Une première pour moi avec cet auteur, découvert et lu dans le cadre du Challenge Solidaire Babelio.
Ignorant tout des écrits de John Irving, c'est le hasard total qui m'a menée vers ce titre, qui aurait pourtant dû m'alerter un tant soit peu...

Autant le dire d'emblée, je n'ai pas été très à l'aise avec cette lecture, très déroutante et que je n'ai pas vraiment réussi à apprivoiser.

En vrac, il est question, durant 600 pages (et environ 60 ans), d'orientations et d'identités sexuelles variées, d'expériences diverses en la matière (toujours très crûment explicitées), de parcours de vies avec des sexualités "différentes", le tout servi entre deux répétitions de pièces de Shakespeare ou d'Ibsen, ou avec un air d'opéra. Déroutant je vous dis !

Durant les 200 premières pages, c'était tellement particulier que j'ai failli lâcher prise, comprenant difficilement la direction que voulait prendre le roman.
Puis arrivée péniblement à la p. 254, j'ai lu " Quand on n'a pas lu un livre, on ne peut pas vraiment savoir de quoi il parle"... alors je me suis obligée à poursuivre, pour savoir donc, et me sentir plus légitime à donner mon avis.

C'est extrêmement foisonnant comme histoire, ça part un peu dans tous les sens, mais avec un point d'ancrage, un véritable leitmotiv : celui de l'ambiguïté de la sexualité du personnage principal, William, alias Bill ou Billy (... ou John Irving lui-même, qui sait ??) qui passera toute sa vie à se chercher.
La narration à la première personne teinte le récit d'une nuance autobiographique qui aurait pu être immersive, s'il ne m'avait pas été si compliqué de me fondre dans la peau de ce garçon, dont j'ai pourtant perçu la souffrance psychologique liée à sa différence, mais pour lequel je me sentais tristement impuissante, et qui m'a laissée, simple observatrice, au bord d'une histoire qui me dépassait, car par trop éloignée de mon univers et de mes capacités d'identification.

Et puis, il y a, autour de tous ces tourments, cette obsession permanente pour la sexualité, crue, nue, sans poésie, sans états d'âmes, sans sentiments ni passion, sans véritable amour, juste afin d'assouvir pulsions physiques et fantasmes. J'ai trouvé ça glauque, vulgaire et laid... Et au final, quelle solitude et quelle tristesse...
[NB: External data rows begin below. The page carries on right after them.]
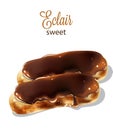 Sweet eclairs with chocolate glaze on top Royalty Free Stock Photo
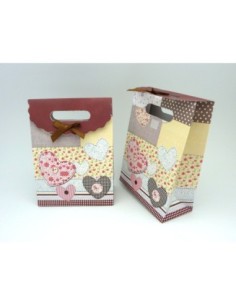 Pochette Cadeaux patchwork multicolore et coeur sur fond... 2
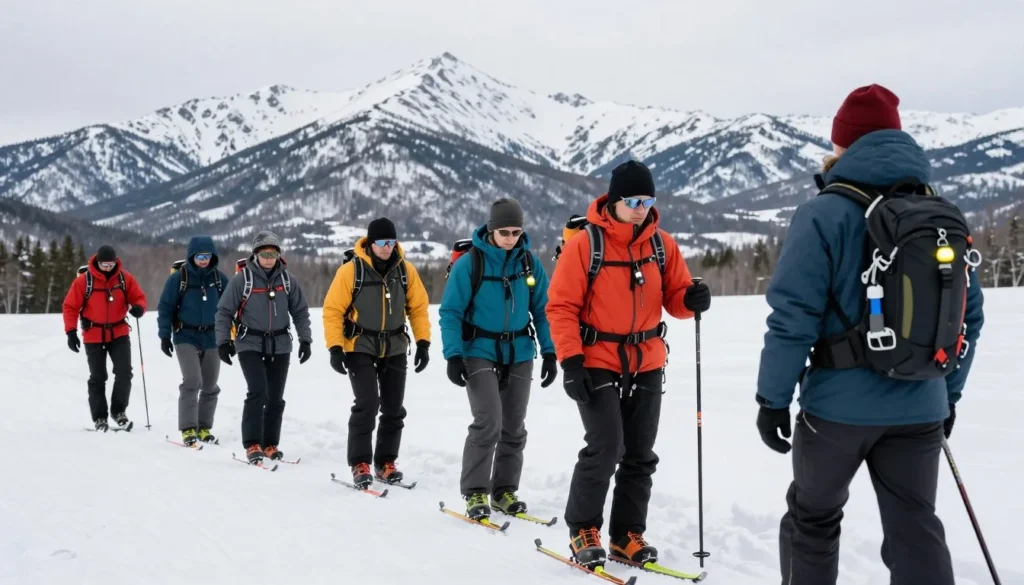 Diverse winter backcountry group with avalanche safety equipment in snow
Heureusement, il y a quand-même l'originalité de la construction, qui nous transporte progressivement dans le temps, de l'enfance du narrateur à la maturité de sa soixantaine, avec pour deuxième fil rouge, une thématique littéraire et théâtrale intéressante et très présente, habilement reliée au reste du roman, mais exigeant de solides connaissances de la part du lecteur.
Et là, j'ai dû faire preuve d'humilité face à mes souvenirs shakespeariens étiolés, qui ne m'ont certainement pas permis d'apprécier la totalité des parallèles établis entre les personnages des pièces et les soucis d'identité des acteurs.
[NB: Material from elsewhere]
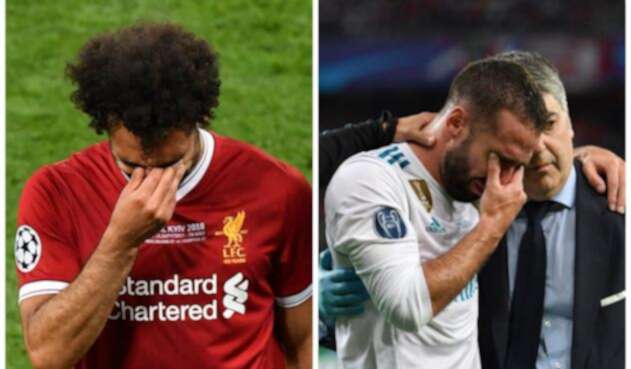 Mohamed Salah y Dani Carvajal llorando por su mala fortuna en la final de Champions / AFP Mohamed Salah y Dani Carvajal llorando por su mala fortuna en la final de Champions / AFP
Mais malgré les sujets sensibles abordés, malgré les drames et difficultés vécus par les différents protagonistes, j'ai manqué d'émotions, d'empathie, de ferveur. Avec cette impression que le narrateur restait lui-même prisonnier dans sa propre vie, passablement indifférent et impassible aux événements extérieurs. Ce regard froid et caustique qu'il portait à lui-même et aux autres, telle une carapace, en était même assez perturbant, jusqu'à l'arrivée (dans les 200 dernières pages) des années 80, les fameuses "années Sida", avec leurs ravages, correspondant aussi à l'âge de la maturité pour Bill.
Là, j'ai enfin ressenti en même temps que lui, sa terreur, mêlée de chagrin et d'incompréhension, son sentiment d'injustice, toujours bizarrement accompagnés d'une sorte de mise en retrait désabusée, mi lâche, mi fuyante.

Cette dernière partie, effroyable et pourtant davantage posée et très bien documentée, apporte un équilibre appréciable à l'ensemble du roman et me permet de pondérer mon premier ressenti à cette lecture si originale, que je suis donc satisfaite d'avoir finalement menée à terme.